Sibling rivalry is becoming more and more of an issue to families. I often hear people asking for ideas to build sibling relationships within their own children, so I thought I would write a list of things that we have done to help create a natural way for siblings relationships to blossom.
5 Ways to Build Sibling Relationships
- Refer to Your Children As Best Friends – We have always told our children that they are each others best friends and we worked hard to make their relationship this way, by creating lots of memories for them with in our home and on outings to build this important relationship.
- Set Sibling Time Daily – Our afternoon schedule includes a set time for sibling time. This is time that they play together for the purpose of building relationship with each other. I have found this to be a great way for them to learn how to prefer each other's likes over their own and to find common interests.
- Limit Strife in Your Home – Children are going to argue, there is nothing that you can really do to keep this natural part of a relationship for happening, especially when you share the same home. Creating a way to limit the strife is key to building a good sibling relationship for your children. We did this by getting to the root of a situation, not just the action, that was causing strife. Often times, parents correct a child that hit another child because hitting is wrong. However, the hitting was the reaction to a root issue and if you don't find that root problem, you can easily build resentment in one child, while empowering another in being mean with their words and actions to that child. This is the biggest issue in most sibling rivalry and often because parents don't want to take the time to get to the heart of the problem.
- Don't Allow Physical Fighting – We are a family that will wrestle, throw pillows and play rough, but we have never permitted our children to hit each other for the purpose of fighting. To allow it, even in a young age, will only create division and allow for bullying to happen with a family.
- Require Heart Felt Apologies – Children will apologize when you tell them to apologize to each other, but it doesn't mean they mean it and children know if an apology is meant. I have so many memories of having my child hug each other when strife was present and not letting go until I could see they had moved past their anger and had a heart of love for their other.
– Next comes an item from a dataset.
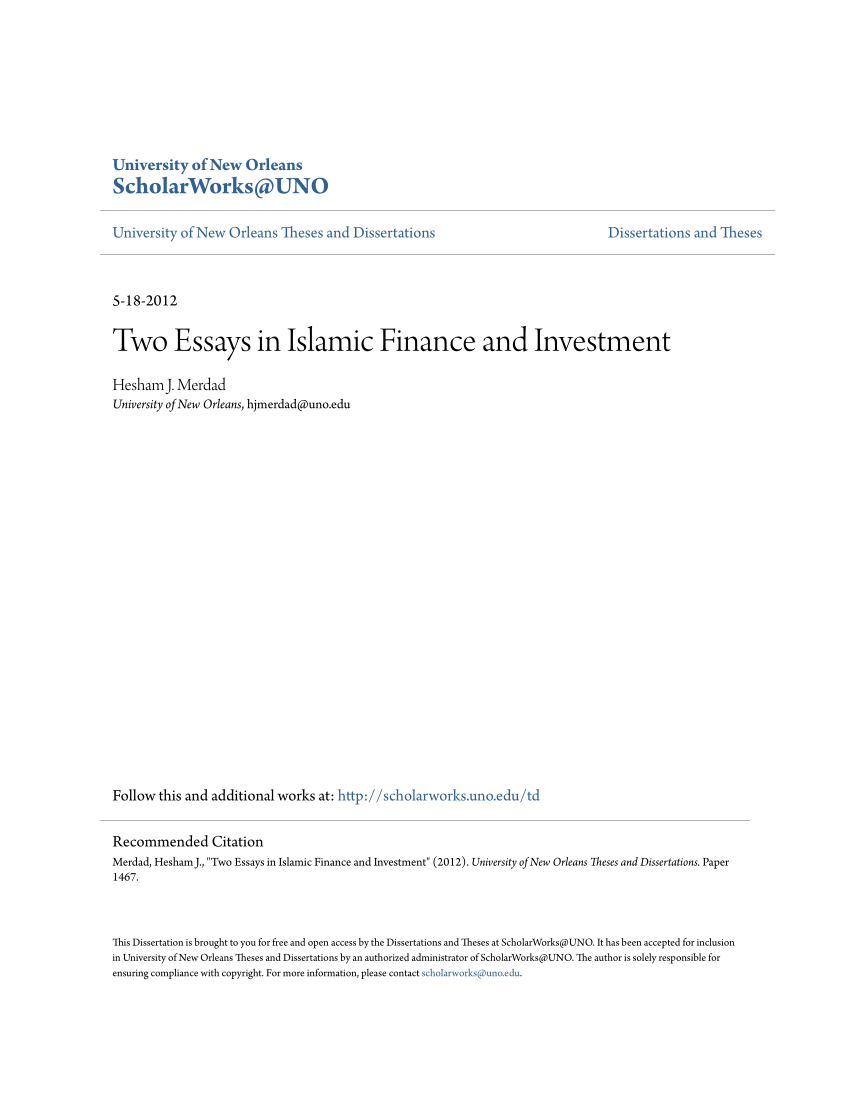islamic finance dissertation pdf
Over time, the time it took for their hearts to soften toward each other lessened and lessened until it was never needed because they would quickly apologize when they realized they hurt the other.
Our children are not perfect in their sibling relationship, but they love each other and it is very evident, even to people who just meet us. They don't stay frustrated with each other for long and spend a lot of time together. That is saying a lot when you see a 20 year old spending time with a 5 year old because they enjoy each others company, or when a 19 year old takes his 12 year old brother golfing with him to just spend some brother time together.
The younger years are hard but so worth the reward when you put time into building sibling relationships.